The problem: Determine how many lines in the records that follow hold the string "Black". Only that number should be returned.

☆ ☆ ☆ ☆ ☆

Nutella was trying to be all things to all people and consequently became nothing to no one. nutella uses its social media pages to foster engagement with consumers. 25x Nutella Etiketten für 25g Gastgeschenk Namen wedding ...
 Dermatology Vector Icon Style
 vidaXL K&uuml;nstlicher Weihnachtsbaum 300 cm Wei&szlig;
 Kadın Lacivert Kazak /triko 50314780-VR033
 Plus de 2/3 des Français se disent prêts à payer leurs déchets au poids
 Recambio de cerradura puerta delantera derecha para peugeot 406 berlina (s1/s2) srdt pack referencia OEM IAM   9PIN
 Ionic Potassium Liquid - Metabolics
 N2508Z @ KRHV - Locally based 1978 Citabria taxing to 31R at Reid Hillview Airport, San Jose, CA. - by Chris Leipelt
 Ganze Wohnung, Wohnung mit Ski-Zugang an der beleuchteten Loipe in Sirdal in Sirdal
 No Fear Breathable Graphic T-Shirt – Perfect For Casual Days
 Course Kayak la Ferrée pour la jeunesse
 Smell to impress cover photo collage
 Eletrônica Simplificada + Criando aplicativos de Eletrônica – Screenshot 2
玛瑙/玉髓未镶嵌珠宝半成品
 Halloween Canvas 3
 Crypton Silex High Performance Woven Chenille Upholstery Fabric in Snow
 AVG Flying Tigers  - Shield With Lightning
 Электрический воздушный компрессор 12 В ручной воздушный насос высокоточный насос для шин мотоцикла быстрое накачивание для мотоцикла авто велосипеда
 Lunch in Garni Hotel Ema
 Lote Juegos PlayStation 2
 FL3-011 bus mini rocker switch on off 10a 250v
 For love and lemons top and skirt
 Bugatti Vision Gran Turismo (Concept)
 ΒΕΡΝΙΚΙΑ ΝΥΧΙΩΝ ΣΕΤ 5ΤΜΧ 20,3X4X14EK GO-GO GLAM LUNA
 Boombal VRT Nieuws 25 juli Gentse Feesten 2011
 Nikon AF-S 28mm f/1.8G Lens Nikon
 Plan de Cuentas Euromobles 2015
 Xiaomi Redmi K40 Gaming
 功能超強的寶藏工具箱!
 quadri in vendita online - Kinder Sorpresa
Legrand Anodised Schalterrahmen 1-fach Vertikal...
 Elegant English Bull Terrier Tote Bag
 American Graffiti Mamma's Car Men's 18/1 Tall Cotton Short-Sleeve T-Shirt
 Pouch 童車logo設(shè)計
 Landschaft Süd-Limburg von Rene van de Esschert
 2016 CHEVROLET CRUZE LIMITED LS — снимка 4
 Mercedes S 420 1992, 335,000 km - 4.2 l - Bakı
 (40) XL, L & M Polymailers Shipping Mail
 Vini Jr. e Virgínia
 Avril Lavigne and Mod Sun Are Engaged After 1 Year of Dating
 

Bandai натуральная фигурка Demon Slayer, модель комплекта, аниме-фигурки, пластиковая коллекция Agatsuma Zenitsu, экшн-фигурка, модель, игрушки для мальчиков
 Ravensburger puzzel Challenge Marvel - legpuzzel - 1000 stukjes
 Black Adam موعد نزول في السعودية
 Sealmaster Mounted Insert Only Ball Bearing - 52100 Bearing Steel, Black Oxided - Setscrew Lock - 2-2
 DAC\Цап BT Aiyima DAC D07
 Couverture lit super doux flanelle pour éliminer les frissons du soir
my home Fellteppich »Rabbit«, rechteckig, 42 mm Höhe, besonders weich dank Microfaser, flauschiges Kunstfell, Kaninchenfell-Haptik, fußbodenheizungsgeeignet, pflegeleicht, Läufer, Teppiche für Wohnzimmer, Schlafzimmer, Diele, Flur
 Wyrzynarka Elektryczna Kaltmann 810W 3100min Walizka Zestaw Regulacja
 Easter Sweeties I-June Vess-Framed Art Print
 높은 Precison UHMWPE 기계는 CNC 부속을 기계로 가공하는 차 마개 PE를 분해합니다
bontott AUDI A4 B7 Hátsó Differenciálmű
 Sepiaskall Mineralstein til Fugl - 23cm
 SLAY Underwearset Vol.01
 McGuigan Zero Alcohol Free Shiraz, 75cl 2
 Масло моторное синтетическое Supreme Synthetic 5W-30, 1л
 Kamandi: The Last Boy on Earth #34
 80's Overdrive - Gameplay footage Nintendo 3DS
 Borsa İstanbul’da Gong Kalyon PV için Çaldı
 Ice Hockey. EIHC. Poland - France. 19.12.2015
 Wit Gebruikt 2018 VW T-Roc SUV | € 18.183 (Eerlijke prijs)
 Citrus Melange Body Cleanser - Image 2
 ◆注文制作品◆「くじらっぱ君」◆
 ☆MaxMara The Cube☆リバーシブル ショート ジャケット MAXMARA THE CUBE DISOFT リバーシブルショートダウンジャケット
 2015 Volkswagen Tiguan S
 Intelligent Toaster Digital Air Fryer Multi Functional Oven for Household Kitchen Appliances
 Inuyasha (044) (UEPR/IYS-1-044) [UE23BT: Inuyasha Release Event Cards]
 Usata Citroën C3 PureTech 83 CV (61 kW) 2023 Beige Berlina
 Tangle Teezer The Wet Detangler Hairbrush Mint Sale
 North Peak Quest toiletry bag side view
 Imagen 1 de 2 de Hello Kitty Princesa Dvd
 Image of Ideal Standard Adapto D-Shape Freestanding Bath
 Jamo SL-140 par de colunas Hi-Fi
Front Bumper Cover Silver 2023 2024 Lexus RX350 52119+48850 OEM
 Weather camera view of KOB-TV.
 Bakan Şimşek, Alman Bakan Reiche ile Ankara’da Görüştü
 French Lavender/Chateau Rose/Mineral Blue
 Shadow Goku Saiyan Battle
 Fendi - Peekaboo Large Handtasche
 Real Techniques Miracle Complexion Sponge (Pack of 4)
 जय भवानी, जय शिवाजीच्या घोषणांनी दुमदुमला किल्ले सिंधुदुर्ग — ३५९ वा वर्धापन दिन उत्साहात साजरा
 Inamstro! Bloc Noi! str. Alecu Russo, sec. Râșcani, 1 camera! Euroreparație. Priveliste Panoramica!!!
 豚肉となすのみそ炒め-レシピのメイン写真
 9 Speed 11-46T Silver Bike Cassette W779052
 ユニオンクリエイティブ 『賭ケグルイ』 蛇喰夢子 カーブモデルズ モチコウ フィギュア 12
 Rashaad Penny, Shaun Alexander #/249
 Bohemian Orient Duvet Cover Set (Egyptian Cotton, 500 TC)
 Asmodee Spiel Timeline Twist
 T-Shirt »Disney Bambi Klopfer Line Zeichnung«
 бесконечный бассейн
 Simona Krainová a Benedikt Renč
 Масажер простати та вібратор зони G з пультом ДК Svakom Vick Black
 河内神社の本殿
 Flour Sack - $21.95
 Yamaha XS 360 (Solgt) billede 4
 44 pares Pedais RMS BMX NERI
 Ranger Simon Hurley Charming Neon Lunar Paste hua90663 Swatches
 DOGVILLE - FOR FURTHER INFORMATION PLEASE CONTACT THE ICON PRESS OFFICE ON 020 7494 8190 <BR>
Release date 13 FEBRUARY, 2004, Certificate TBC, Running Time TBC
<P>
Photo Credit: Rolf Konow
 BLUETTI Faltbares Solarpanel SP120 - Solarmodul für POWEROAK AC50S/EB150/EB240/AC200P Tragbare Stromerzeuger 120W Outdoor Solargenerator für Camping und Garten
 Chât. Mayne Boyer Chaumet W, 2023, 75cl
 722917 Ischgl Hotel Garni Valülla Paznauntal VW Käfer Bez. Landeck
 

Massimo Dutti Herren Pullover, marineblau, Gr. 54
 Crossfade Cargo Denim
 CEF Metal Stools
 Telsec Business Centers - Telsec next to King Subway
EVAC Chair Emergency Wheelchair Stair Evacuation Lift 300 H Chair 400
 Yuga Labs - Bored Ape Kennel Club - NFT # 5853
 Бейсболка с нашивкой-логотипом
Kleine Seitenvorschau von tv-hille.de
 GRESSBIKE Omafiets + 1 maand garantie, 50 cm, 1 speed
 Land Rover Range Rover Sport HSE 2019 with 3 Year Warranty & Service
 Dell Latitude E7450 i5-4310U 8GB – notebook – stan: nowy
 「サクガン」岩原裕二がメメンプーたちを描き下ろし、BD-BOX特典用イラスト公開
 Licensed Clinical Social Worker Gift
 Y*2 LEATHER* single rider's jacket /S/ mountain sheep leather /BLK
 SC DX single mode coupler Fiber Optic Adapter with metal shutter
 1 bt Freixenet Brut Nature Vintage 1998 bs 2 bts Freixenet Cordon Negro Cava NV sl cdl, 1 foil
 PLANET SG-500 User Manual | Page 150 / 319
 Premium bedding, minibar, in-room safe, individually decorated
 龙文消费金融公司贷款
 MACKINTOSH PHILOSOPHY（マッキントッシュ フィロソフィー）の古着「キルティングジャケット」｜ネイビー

☆ ☆ ☆ ☆ ☆

Solution for this problem: 3